ANCHORAGE, Alaska — The Municipality of Anchorage is now off the hook for what could have been a $50 million judgment against it, after the Regulatory Commission of Alaska issued an order late Monday night approving rate hikes first issued to Anchorage Water and Wastewater Utility customers in 2004.
The rate hikes were meant to cover payments that AWWU made to the city in exchange for receiving city services. The payments, essentially a form of property tax, were called Municipal Utility Service Assessments and Municipal Enterprise Service Assessments, or MUSAs and MESAs.
In its order, the RCA said that “municipal utilities should be allowed to include in rates a reasonable contribution to assist in supporting the municipal services they receive.”

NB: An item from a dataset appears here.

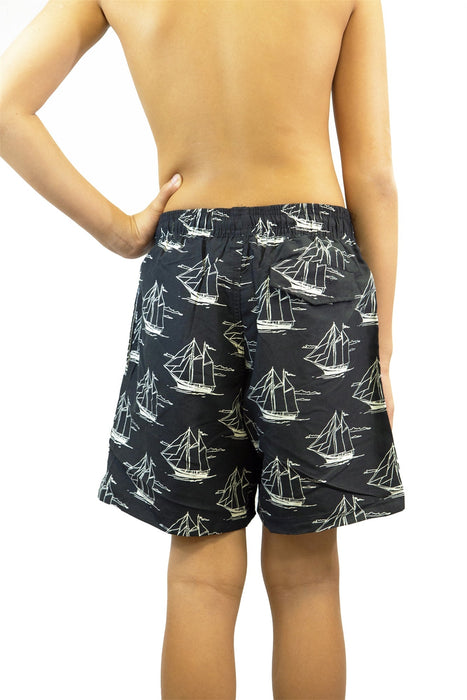 Adoretex Boy's Sailing Boat Printed Beach Board Shorts (MP019)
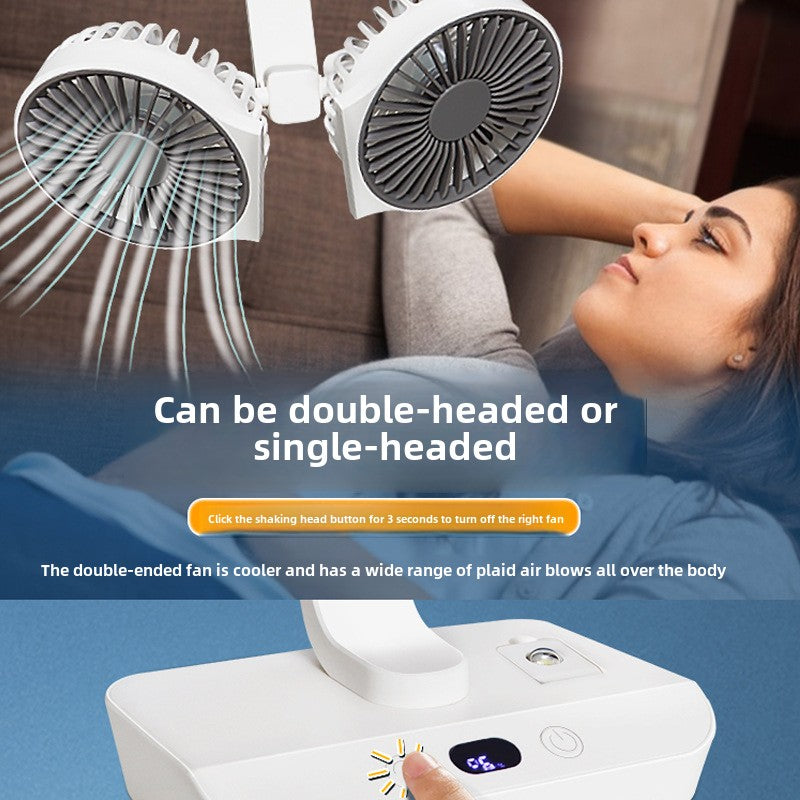 Dual-head desktop USB rechargeable automatic portable fan with 4 wind speeds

In the past, MUSA and MESA payments had been based only on the value of AWWU property that it had purchased with its own money. The payments increased after 2003, when the Anchorage Assembly passed a law that expanded how much utility property the city could base its MUSA assessment on, allowing it to include the value of property that was contributed to -- not purchased by -- AWWU.
The state Department of Law’s Regulatory Affairs and Public Advocacy Section brought up the issue with the RCA after AWWU increased its rates, so it could collect additional money to make the payments to the city.
Had the judgment not been in the city's favor, city finance officials had said AWWU would have had to pay back the additional money it had collected, which amounted to about $50 million.
Mayor Dan Sullivan’s spokesperson, Sarah Erkmann, said taxpayers would have likely had to foot the bill.